The entire value of the massive station has been written down by the semi-state company after it impaired the value of a number of generating assets last year.
The coal-powered station on the Shannon Estuary in Co Clare was commissioned in 1985 and was built at a cost of about £700m (€889m). It was one of the country's single biggest capital projects ever.
It was retrofitted in 2008 to reduce harmful emission of nitrous oxide and sulphurous oxide at a cost of €355m.
The ESB revealed this month that it incurred non-cash impairments of €276m after writing down the value of some of its generating assets in Ireland. That included a €142m impairment in relation to Moneypoint.
The ESB, whose CEO is Pat O'Doherty, said it took the "prudent decision" to impair the its generating assets based on the estimated impact on projected revenues from the introduction of the new Integrated Single Electricity Market in May this year, and lower wholesale electricity margins.
ESB chief financial officer Pat Fenlon confirmed that the book value of Moneypoint on the ESB balance sheet is now zero.
"The €142m is more or less writing the book value off," he told the Irish Independent.
Mr Fenlon said that the main part of the asset value in Moneypoint that had remained on the books related to the 2008 retrofit that ensured the power plant met new environmental controls.
That resulted in nitrous oxide emissions falling by 54pc, and sulphurous oxide emissions declining 71pc.
Moneypoint consists of three, 305-megawatt steam generating boilers and its maximum power output is the equivalent of about 20pc of the electricity demand in the Republic of Ireland. It uses about two million tonnes of coal a year.
Despite being environmentally unfriendly, it remains an important part of Ireland's energy infrastructure. However, it's likely to be decommissioned in the next decade or so.
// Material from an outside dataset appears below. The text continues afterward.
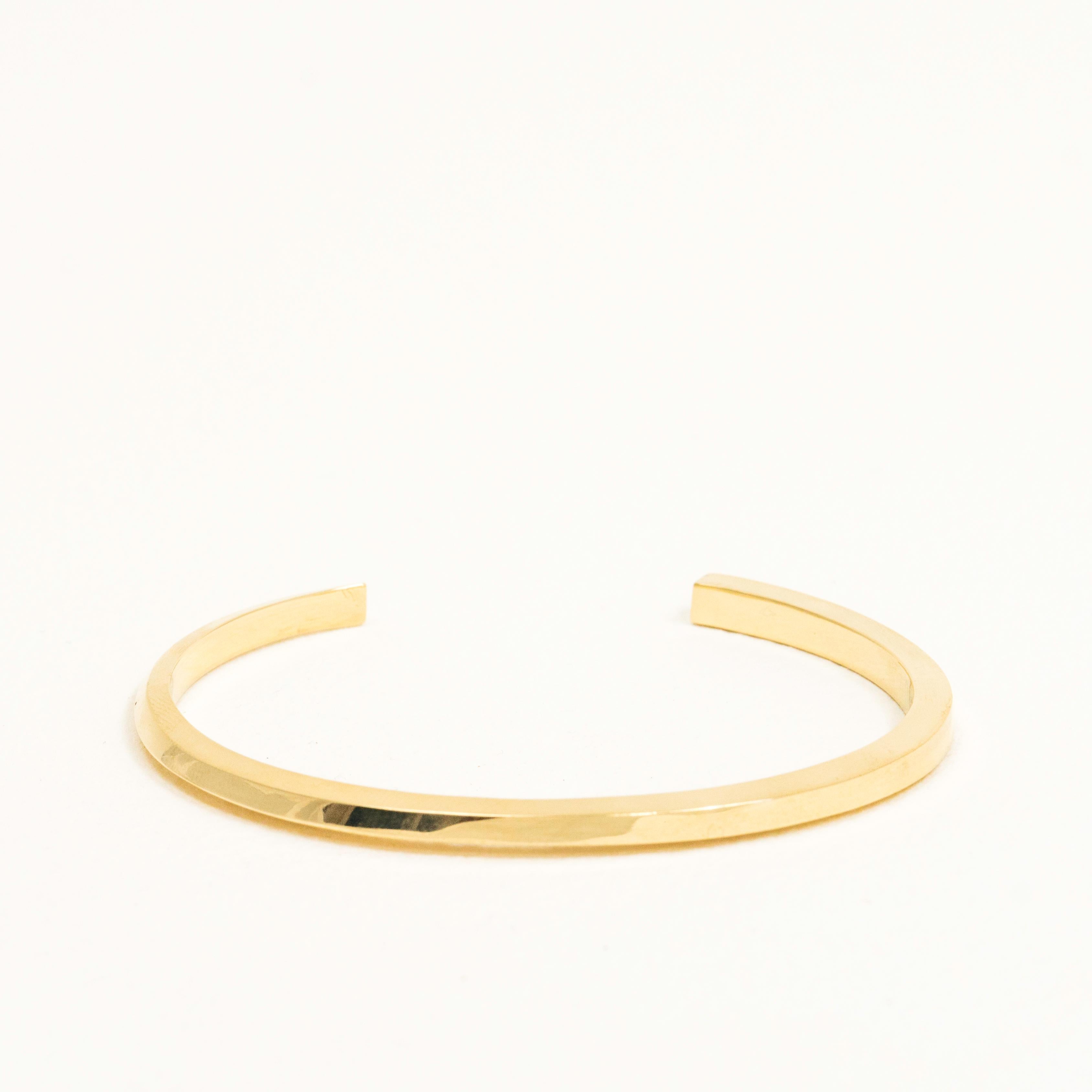 The Flow Cuff Bracelet in solid 14k gold begins as a triangle and evolves into a square at its opposite end. This elegant bracelet can blend seamlessly into any style or become a brilliant minimalist statement piece on its own. The cuff bracelet is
"That 2025 to 2030 period is what we're aiming for," said Mr Fenlon.
The Energy Institute, a professional organisation for the energy industry in Ireland, has previously pointed out that even if was economically feasible to convert Moneypoint to burning gas, Ireland's power system would become too dependent on imported gas.
The ESB previously touted the long-term possibility of Moneypoint being converted to a nuclear power station.
However, public opposition means it's highly unlikely that this would ever succeed.